Philosophisches Café mit Autor Per Leo: Produktive Unruhe

Der Autor Per Leo kritisiert in seinem Essay „Tränen ohne Trauer“ die deutsche Erinnerungskultur. Nun ist er zu Gast in Hamburg.

Blick auf das Stelenfeld vom Denkmal für die ermordeten Juden Europas in Berlin-Mitte.

Damit werben heute Immobilienmakler: Blick aufs Berliner Denkmal für die ermordeten Juden Europas Foto: Jens Kalaene/dpa

HAMBURG taz | Wenn einer etwas so Gewichtiges wie die deutsche Erinnerungskultur der Kritik unterziehen will, gar einer radikalen, dann ist ihm Aufmerksamkeit gewiss. Und Widerspruch: Ist nicht verdächtig, wer rührt an den – vielfach unter Schmerzen erkämpften und verteidigten – bundesrepublikanischen Verständigungen zur deutschen Schuld? Den angeblichen „Schuldkult“ endlich loszuwerden: Ist das nicht eine Sehnsucht von Nazis, alten und neuen und solchen, die partout nicht Nazis genannt werden möchten?

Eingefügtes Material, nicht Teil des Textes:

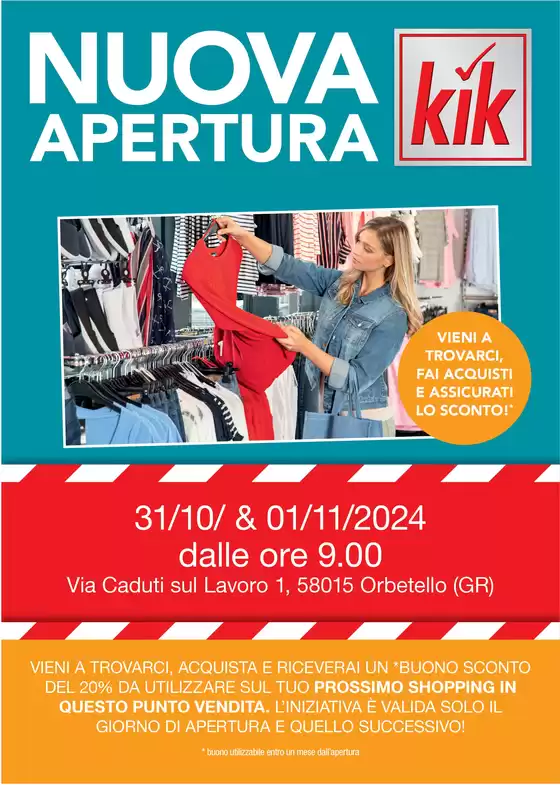 Volantino KiK a Orbetello | Nuova apertura a Orbetello | 28/10/2024 - 1/11/2024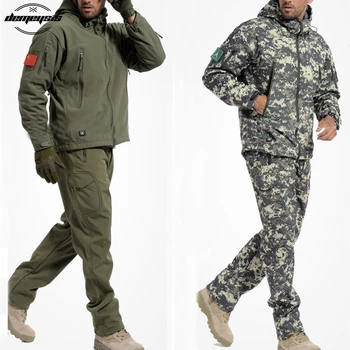 Köpekbalığı Cilt Softshell Ceket Erkekler Taktik Ordu Savaş Açık Avcılık Ceketler Su Geçirmez Rüzgar Geçirmez Askeri Ceket veya Pantolon 2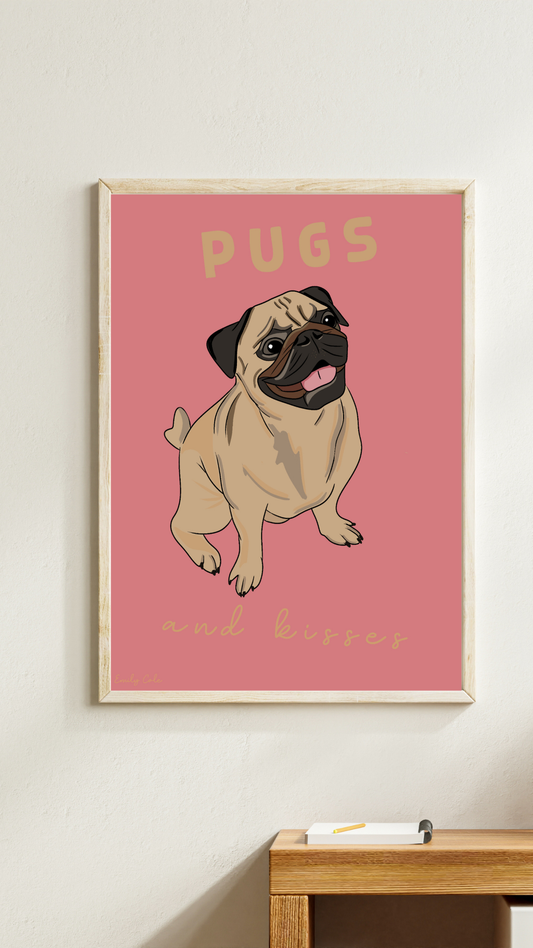 Pugs & Kisses Pug Dog Digital Poster Print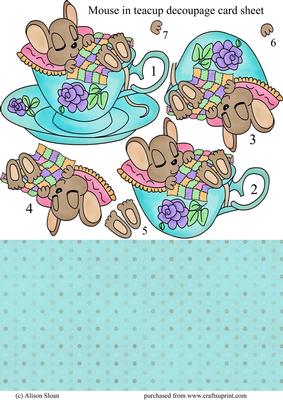 Mouse in Teacup Decoupage Style Sheet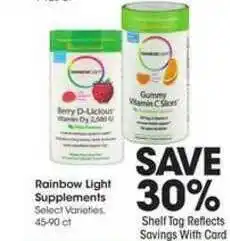 King Soopers Rainbow Light Supplements offer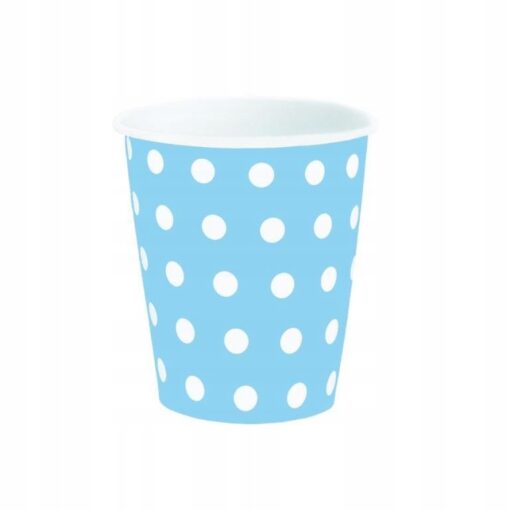 KUBECZKI PAPIEROWE BŁĘKITNE W KROPKI 220 ml 6 szt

Nun ist Per Leo tatsächlich manchen suspekt – nicht zuletzt wegen seiner Beteiligung am Buch „Mit Rechten reden“ (und der dahinter stehenden Aufforderung?). Aber wenn der schriftstellernde Historiker ein Buch – im Untertitel – „Nach der Erinnerungskultur“ nennt, dann will er nicht den Schlussstrich, nach dem sich AfD-Granden wohl sehnen. Gleichwohl geht es ihm in „Tränen ohne Trauer“ (Klett-Cotta 2021) um ein Einordnen und Kontextualisieren von etwas, das viele aus gutem Grund, aber manchmal auch aus nicht so gutem, absolut setzen: der Singularität des Holocausts.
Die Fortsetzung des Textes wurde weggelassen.